I guess they just tweaked the kernel and the hypervisor to start up fast. There is also no BIOS/UEFI delay.
Most if them still offer laptops with memory slots, so at least for individuals it's quite easy to upgrade (companys often don't upgrade, labor is more expensive then bto). The thinner devices often have onboard memory, but even there it's not Apple-bad.
For example Lenovo US store. Thinkpad X1 carbon has an i5+16gb as base, and i7+32gb for +289$. P15s (2x sodimm) comes with 16gb in base, 32/64gb is +199/399$. Completely reasonable.
Thankfully you can upgrade it with more memory after buying for most laptop models. I recently needed a memory upgrade for my work laptop, and all the company had to do was order the memory module.

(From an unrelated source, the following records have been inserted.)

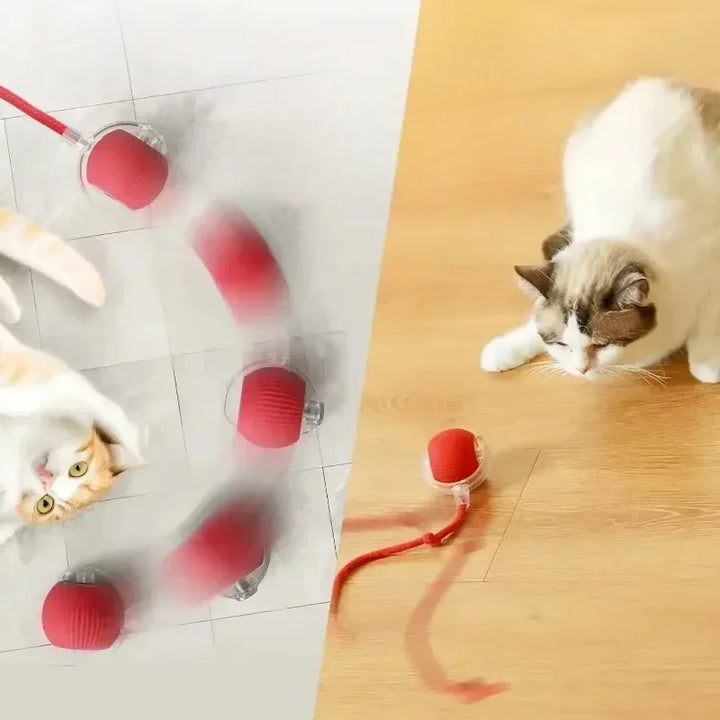 Interactive Cat Toy Ball with Tail – Smart Toy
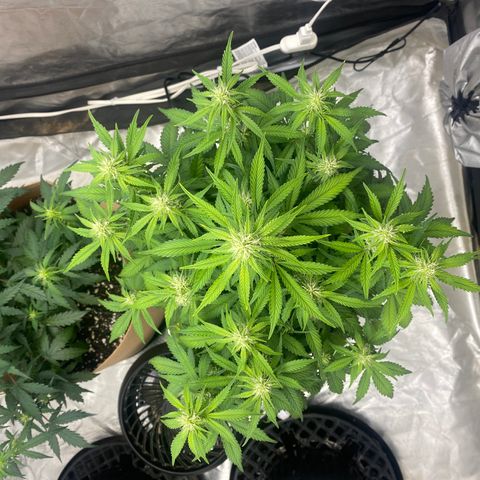 3 bears Og  growlog photo: Day 47
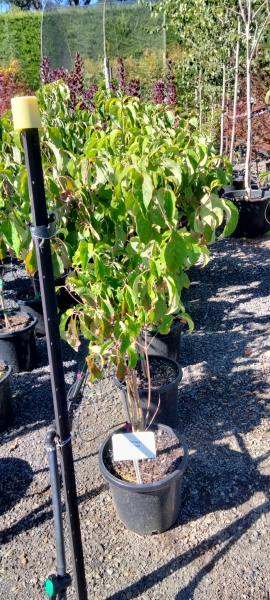 Cornus florida Alba
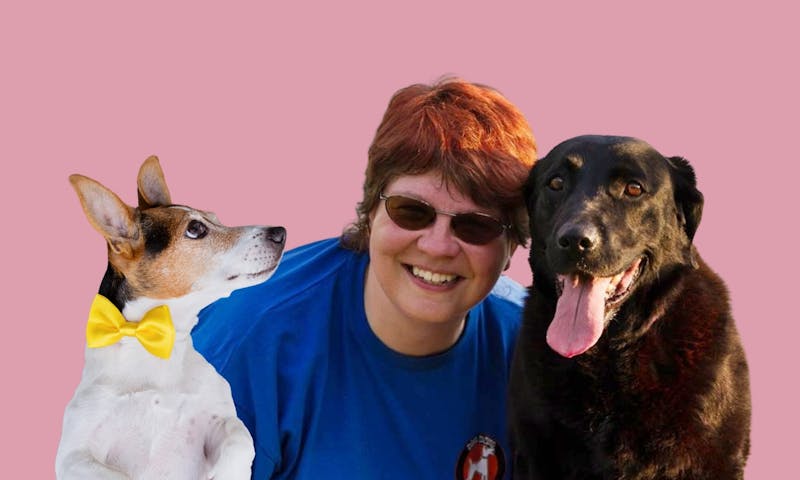 Gelbe Hunde brauchen Abstand: Interview mit Ramona Noack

The Toshiba (!?) laptops that got sold to one of my clients at nearly $1100/ea are pathetic. Basically the same kit you can get for $600-700 at Best Buy. The equivalent MacBook would have been miles better, in terms of build quality and specs. Although, I’m using a ThinkPad E16v2 right now that I am quite pleased with that was $899 with 32GB/1TB. There are reports Apple is getting ready to launch a less expensive MacBook soon. I think the <$1000 options for laptops is about to get rather interesting.
I’m still disappointed to see the days of easy RAM/storage upgrades have largely gone. I was initially suspicious of the reasons offered for why soldering memory directly to the motherboard is necessary, but with a few years of academic engineering experience (I don’t use much of my EE education in my day job), it’s not illogical—as frequency increases, the circuit’s sensitivity to parasitic inductance and capacitance also increases, and connectors/interfaces are a big source of parasitic effects and general nonlinearity. That said, my desktop has traditional DIMM slots, and it’s technically running faster DDR5 than any of my other devices with soldered DDR4 modules.

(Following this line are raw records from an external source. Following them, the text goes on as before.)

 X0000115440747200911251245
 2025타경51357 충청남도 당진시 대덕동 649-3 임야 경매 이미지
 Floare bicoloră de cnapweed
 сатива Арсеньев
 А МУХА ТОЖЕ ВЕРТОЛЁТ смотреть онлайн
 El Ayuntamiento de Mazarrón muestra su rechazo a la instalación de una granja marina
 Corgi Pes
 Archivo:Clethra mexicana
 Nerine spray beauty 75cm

I charitably assume the difference is laptop’s need for greater efficiencies, but either way it would be nice if the manufacturers hadn’t instantly taken advantage of this new “necessity” to jack up prices on memory and storage quite so aggressively. It’s probably also worth noting that Apple was first to really do this widely, as far as I’m aware, with the M1 chipset. Also worth noting the M1 was groundbreaking, and it’s seemingly magical memory management made it so an Apple M device with ~60% of the memory of its x86 equivalent can perform just as well (if not better). I have an 8GB M1 Mac Mini that’s still quite functional for routine work. 16GB still provides great performance.
But then, my AMD desktop that cost ~$1200 a year ago (with a capable GPU) is sporting 48GB because I could pay a reasonable price for DIMMs that I can plug-in myself. Similar specs on a mass-market machine probably would have run that price up to near $2000.
I find WSL 1 incredibly useful. C++ and .NET compiler toolchains, ssh and scp clients, and many other command-line Linux tools are working flawlessly for me despite the fake emulated kernel lacking some of the APIs. When I develop anything related to Linux be it embedded or servers, I use WSL1 a lot.
I find WSL2 pretty much useless. When I want Linux inside a VM I use VMware which is just better. VMware has tree of snapshots to rollback disk state, hardware accelerated 3D graphics (limited though, I think only GL is there no Vulkan, but it’s better than nothing), can attach complete USB devices to the guest OS, can setup proper virtual networks with multiple VMs, and the GUI to do all that is decent, no command line required.
LBW is a Linux system call translator for Windows. It allows you to run unmodified Linux applications on top of Windows.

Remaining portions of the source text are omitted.